Un deuxième argument se résume par la formule « l’indépendance se décidera à Québec ». D’abord, cela n’est pas vrai, et Jacques Parizeau l’avait bien compris, lui qui insiste dans son ouvrage La souveraineté du Québec sur le caractère crucial de la reconnaissance internationale pour le projet indépendantiste et qui n’a jamais ménagé son appui à la présence du Bloc à Ottawa, siège de toutes les ambassades et foyer de contact avec la plupart des organisations internationales.
Plus fondamentalement encore, le projet d’indépendance du Québec représente essentiellement la volonté que les Québécois gèrent eux-mêmes ce qui relève actuellement de la juridiction fédérale. Il serait paradoxal que le camp indépendantiste se désintéresse de ces mêmes questions au point de laisser en exclusivité à ses adversaires la capacité d’être informés des décisions fédérales avant même qu’elles ne soient prises, et de renoncer ainsi à pouvoir en alerter les Québécois et en débattre dans une perspective québécoise là même où se fait le débat, c’est-à-dire à la Chambre des communes.
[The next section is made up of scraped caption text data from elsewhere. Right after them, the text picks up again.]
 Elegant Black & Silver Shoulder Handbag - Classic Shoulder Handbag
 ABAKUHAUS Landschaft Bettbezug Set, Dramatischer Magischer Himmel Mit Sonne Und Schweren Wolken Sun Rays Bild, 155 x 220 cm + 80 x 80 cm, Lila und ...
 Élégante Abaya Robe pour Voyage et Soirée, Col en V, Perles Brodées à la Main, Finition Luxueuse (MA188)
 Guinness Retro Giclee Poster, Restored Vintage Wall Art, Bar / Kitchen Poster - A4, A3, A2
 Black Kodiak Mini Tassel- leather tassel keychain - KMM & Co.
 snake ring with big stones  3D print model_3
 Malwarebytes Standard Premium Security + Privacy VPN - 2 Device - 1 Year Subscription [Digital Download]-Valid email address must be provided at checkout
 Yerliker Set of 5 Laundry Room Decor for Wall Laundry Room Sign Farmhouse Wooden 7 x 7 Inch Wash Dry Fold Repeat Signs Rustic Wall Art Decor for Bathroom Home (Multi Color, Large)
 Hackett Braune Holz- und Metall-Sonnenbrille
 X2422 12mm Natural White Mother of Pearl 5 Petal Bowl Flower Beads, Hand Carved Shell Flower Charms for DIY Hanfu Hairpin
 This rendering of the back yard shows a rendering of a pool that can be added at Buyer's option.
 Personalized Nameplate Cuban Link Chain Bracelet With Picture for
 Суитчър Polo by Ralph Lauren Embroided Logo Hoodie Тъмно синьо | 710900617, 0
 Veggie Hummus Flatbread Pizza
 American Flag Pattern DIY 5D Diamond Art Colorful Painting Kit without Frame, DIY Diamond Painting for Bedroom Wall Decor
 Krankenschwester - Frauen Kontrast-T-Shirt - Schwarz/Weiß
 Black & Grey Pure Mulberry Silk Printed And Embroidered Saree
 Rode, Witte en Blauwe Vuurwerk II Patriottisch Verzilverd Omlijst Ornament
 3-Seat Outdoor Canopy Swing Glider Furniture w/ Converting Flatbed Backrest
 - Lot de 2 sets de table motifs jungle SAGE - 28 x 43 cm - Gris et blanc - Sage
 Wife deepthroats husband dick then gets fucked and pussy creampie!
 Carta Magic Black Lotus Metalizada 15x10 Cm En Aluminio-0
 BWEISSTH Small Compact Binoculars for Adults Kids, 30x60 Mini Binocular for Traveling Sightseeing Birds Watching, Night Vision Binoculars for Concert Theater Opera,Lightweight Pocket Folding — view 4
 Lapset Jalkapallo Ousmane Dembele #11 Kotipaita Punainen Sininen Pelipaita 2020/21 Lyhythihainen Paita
Au Parlement de Québec, on est la plupart du temps accaparé par les seules questions de juridiction « provinciale » et c’est normal.
Un gouvernement NPD, minoritaire ou majoritaire, ne sera pas sans risques pour le Québec. Songeons au passé assez troublant de son chef : Tom Mulcair ne fut pas simplement un avocat d’Alliance Québec, mais l’employé et conseiller juridique à temps plein de cet organisme voué à la destruction d’à peu près toutes les dispositions de la loi 101. Pensons à son attitude d’une ambiguïté éclairante sur le transit du pétrole albertain au Québec, inspirée manifestement par le désir de faire des gains électoraux dans l’Ouest. Les politiciens qui dans l’opposition combattent les riches et les puissants, mais changent de position rendus au pouvoir nous sont familiers. Que penser de ceux qui, même dans l’opposition, se montrent ambigus ?
En d’autres mots, il faut voir plus loin que le 19 octobre prochain : l’absence de tout point de vue québécois critique, indépendant d’intérêts pancanadiens, aux Communes, ne serait pas une bonne affaire pour la cause de l’indépendance ni, de façon plus générale, pour les intérêts du Québec. C’est sûrement ce qu’a conclu Gilles Duceppe et ce qui l’a amené à reprendre un combat dont, avec toute son expérience, il ne sous-estime pas la difficulté.
Dans une déclaration du 25 mars 2012, M. Mulcair présentait le rôle de son parti comme « un rempart contre la montée de l’option souverainiste au Québec ». Comme souverainiste, je ne vois pas en vertu de quelle logique je devrais participer à la construction de ce rempart.